The central confession of biblical monotheism: "Hear, O Israel: The LORD our God, the LORD is one" (Deut. 6:4). The Shema is not merely a creedal statement but a summons to active, comprehensive, whole-life allegiance to the one God — followed immediately by the command to love Him with all heart, soul, and strength (Deut. 6:5). Jesus identified the Shema as the greatest commandment (Mark 12:29–30). The Shema declares God's exclusive claim on all of life: there is no corner of existence — family, business, politics, sexuality, culture — that falls outside the sovereignty of the one LORD.
Webster 1828 did not include "Shema" as a separate English entry. However, the verse it designates (Deut. 6:4) was universally recognized as the fountainhead of biblical monotheism. Theologians and commentators of that era regularly cited it as the bedrock affirmation that distinguishes biblical religion from all polytheism, dualism, and pantheism: there is one God, and He alone is LORD.

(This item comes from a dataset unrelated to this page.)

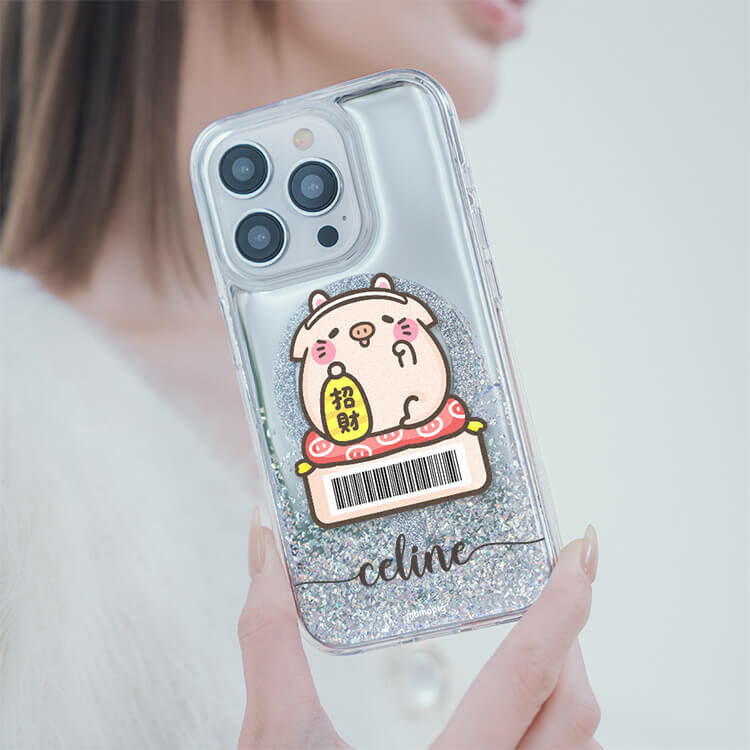 【插畫聯名】我要招財 (MagSafe磁吸) 閃耀鏡面殼 - (訂製名字) iPhone客製化手機殼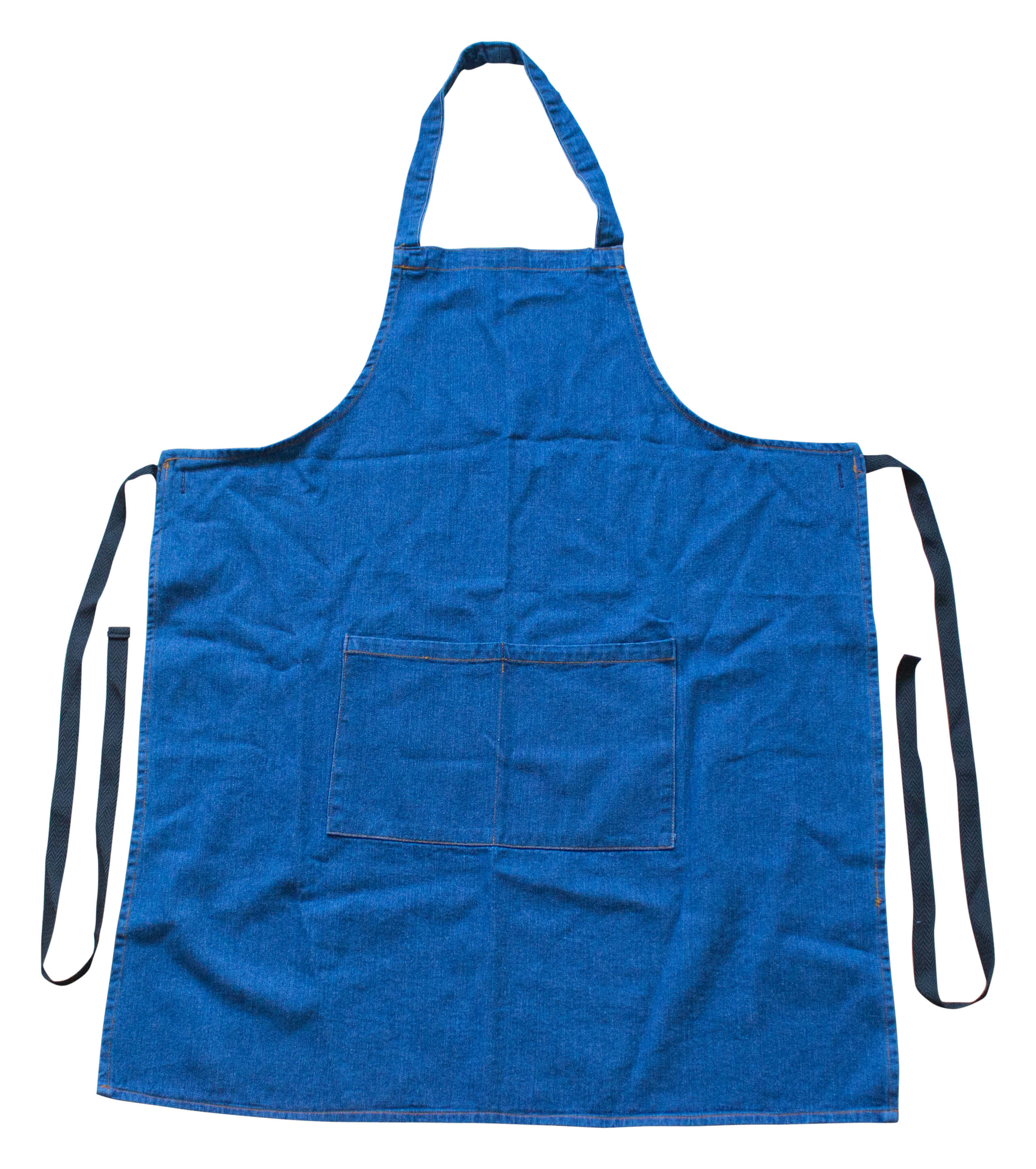 Bib apron, Denim, 90x70cm - washed (light)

Modern pluralism treats the Shema's exclusivism as intolerant — the declaration that "the LORD is one" becomes offensive when all gods are presumed equal. Syncretism dilutes the Shema by adding qualifiers: "our God" becomes one expression among many equally valid expressions of divinity. Even within the church, practical polytheism (serving money, comfort, approval, self) violates the Shema while maintaining its verbal profession. Jesus' expansion of the Shema in Mark 12:30 — loving God with ALL heart, soul, mind, and strength — exposes any divided loyalty as a functional violation of the confession.
Deuteronomy 6:4–5 — "Hear, O Israel: The LORD our God, the LORD is one. You shall love the LORD your God with all your heart and with all your soul and with all your might."
Mark 12:29–30 — "Jesus answered, 'The most important is, "Hear, O Israel: The Lord our God, the Lord is one. And you shall love the Lord your God with all your heart…"'"
1 Corinthians 8:6 — "Yet for us there is one God, the Father, from whom are all things and for whom we exist, and one Lord, Jesus Christ."
Isaiah 45:5 — "I am the LORD, and there is no other; besides me there is no God."
H8085 — שָׁמַע (shama) — to hear, heed, obey; hearing in Hebrew always implies response and action, not mere auditory reception.
H259 — אֶחָד (echad) — one, united; the word for "one" in the Shema; allows for a complex unity (as in "one flesh" in Gen. 2:24), significant for Trinitarian theology.
H3068 — יְהוָה (YHWH) — the personal covenant name of God, the LORD; this name appears twice in the Shema, emphasizing His exclusive identity and covenant faithfulness.
Faithful Jews recite the Shema morning and evening — a daily reorientation of the whole self toward the one God who alone claims total allegiance.
The Shema is the antidote to compartmentalization: there is no "religious life" separate from "real life" — the LORD is God of every domain.
Paul's Christological expansion of the Shema (1 Cor. 8:6) places Jesus within the identity of the one LORD — a stunning early Christological claim.